962 F.3d 1082
9th Cir.2020Background
- IRS sent notices of deficiency to Organic Cannabis Foundation, LLC and Northern California Small Business Assistants, Inc. on Jan 22, 2015; each notice set a 90‑day deadline to petition the Tax Court (deadline Apr 22, 2015).
- Petition drafts were given to a law‑firm secretary on Apr 21, 2015, who chose FedEx First Overnight and dropped the single package (containing both petitions) at a FedEx office at 8:04 PM Pacific on Apr 21.
- FedEx label was later reprinted/overlabeled to show ship date 4/22 and delivery on 4/23; Tax Court records show actual receipt on Apr 23, 2015 (one day late).
- I.R.C. § 7502’s “mailbox” rule was extended to private couriers only for services formally designated by the IRS; at the time, IRS Notice 2004‑83 did not list FedEx First Overnight—it was added effective May 6, 2015 (after these filings).
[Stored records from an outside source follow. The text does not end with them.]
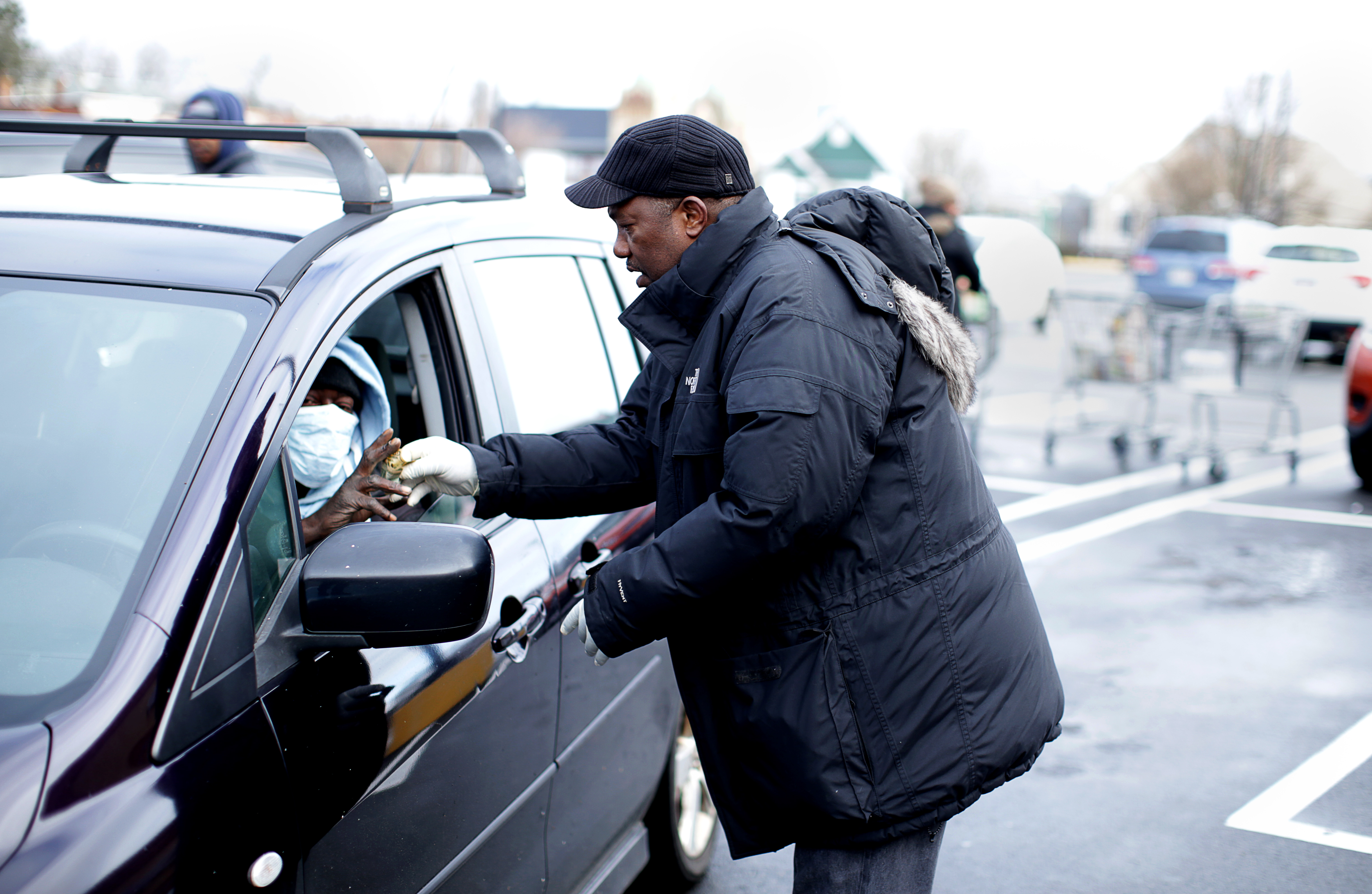 Pastor Miniard Culpepper handed out $10 bills to people in Roxbury on Tuesday.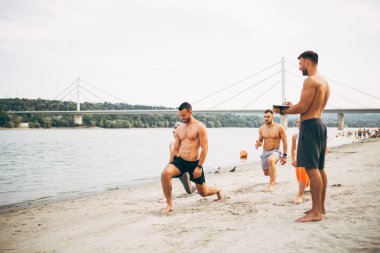 Grup Genç çekici insanlar plajda eğlenmek ve bazı fitness egzersiz yapıyor.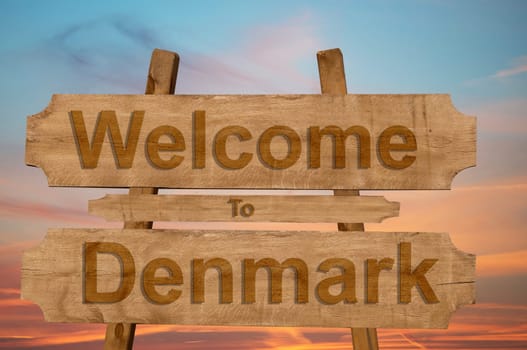 welcome to denmark sing on wood background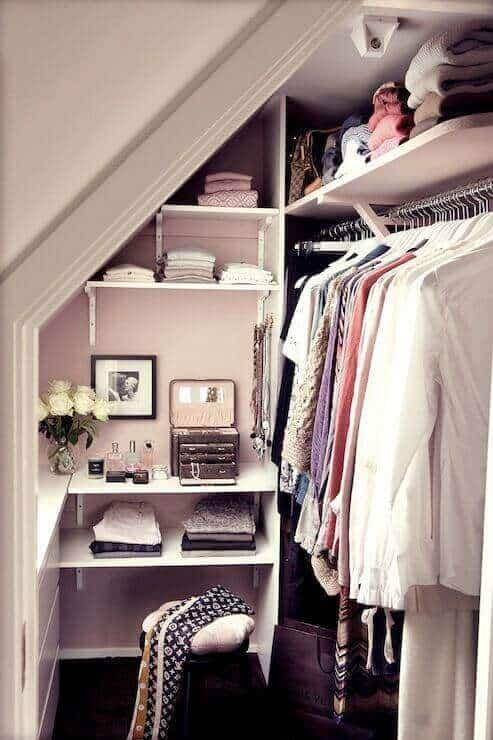Compact attic closet design with white shelving, organized storage for sweaters, and light pink walls, maximizing space elegantly.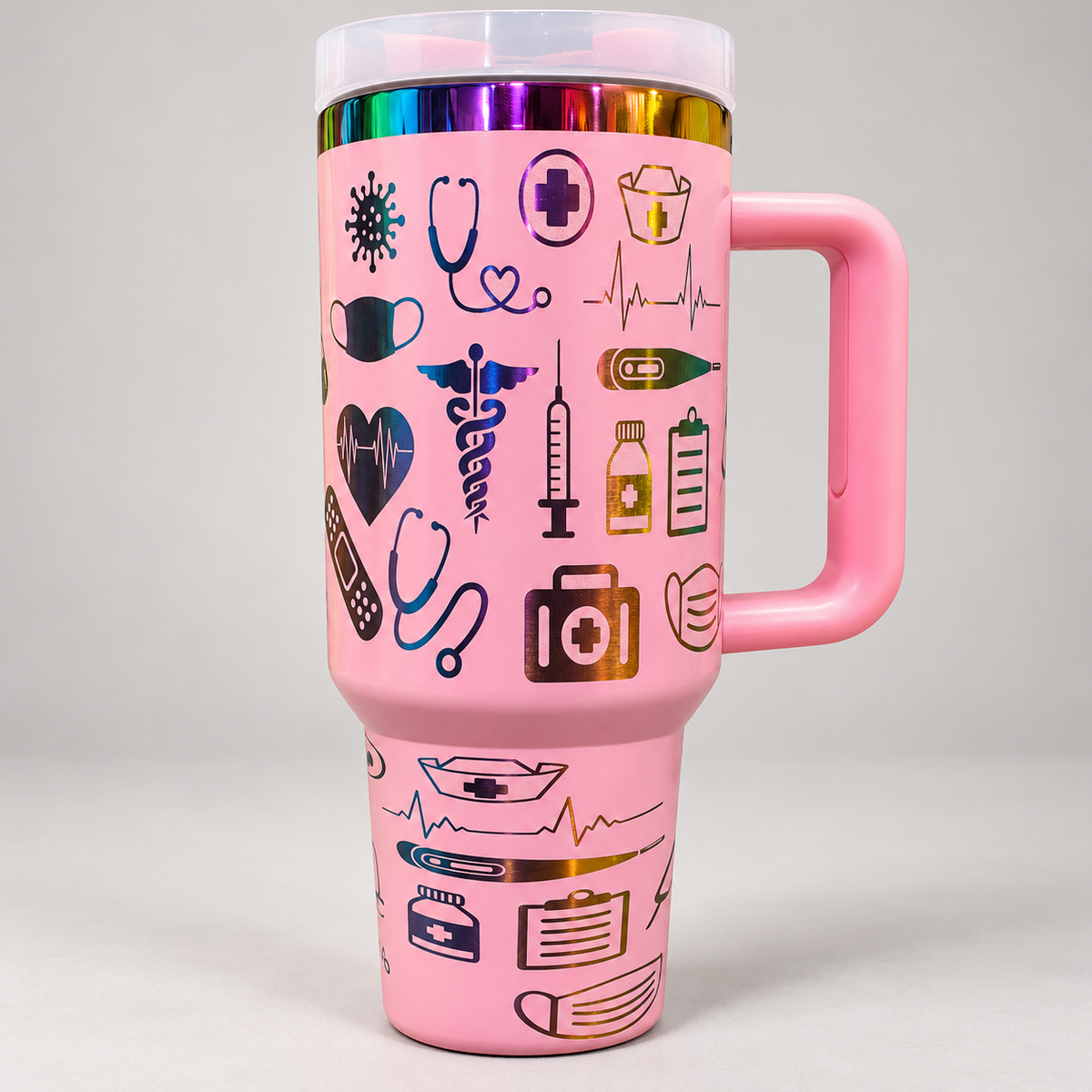 Pink 40 oz medical-themed handled tumbler with rainbow engraved icons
- Tax Court dismissed petitions for lack of jurisdiction as untimely; the court of appeals affirmed, holding (1) Tax Court was not “inaccessible” on Apr 22; (2) § 7502(f) did not apply because FedEx First Overnight was not a designated service when used; (3) § 6213(a) timing is jurisdictional; and (4) Organic Cannabis’s deficiency notice was validly addressed.
Issues
| Issue | Plaintiff's Argument | Defendant's Argument | Held |
|---|---|---|---|
| Whether the Tax Court was "inaccessible" on the filing deadline under Fed. R. Civ. P. 6(a)(3) | FedEx attempted delivery Apr 22 and access was blocked, so clerk's office inaccessible and filing period extended | Clerk’s office was open and accessible during the substantial remainder of the day; temporary delivery obstacle does not make office inaccessible | Not inaccessible; Rule 6(a)(3) did not extend the deadline |
| Whether § 7502 mailbox rule applies to petitions sent via FedEx First Overnight | FedEx First Overnight is functionally equivalent to designated FedEx overnight services or at least satisfies substantial compliance | § 7502(f) requires prior, service‑specific IRS designation; FedEx First Overnight was not designated until May 6, 2015 | Mailbox rule inapplicable; petitions not deemed filed when given to FedEx |
| Whether § 6213(a)’s 90‑day deadline is nonjurisdictional or subject to equitable exceptions | Untimely filing should be subject to equitable tolling/waiver | § 6213(a) is jurisdictional; timely filing is a jurisdictional prerequisite | § 6213(a) is jurisdictional; equitable exceptions unavailable |
| Whether Organic Cannabis’s deficiency notice was invalidly addressed (so no valid notice) | Mailing log omitted “P.O. Box 5286”; therefore notice invalid and deadlines miscomputed | ZIP code 95402 denotes PO boxes in Santa Rosa; envelope was effectively addressed and taxpayer received notice | Notice validly addressed (ZIP+4 corresponded to PO Box); notice not invalid |
Key Cases Cited
- Meruelo v. Comm’r, 691 F.3d 1108 (9th Cir. 2012) (recognizing § 6213(a) timing as jurisdictional)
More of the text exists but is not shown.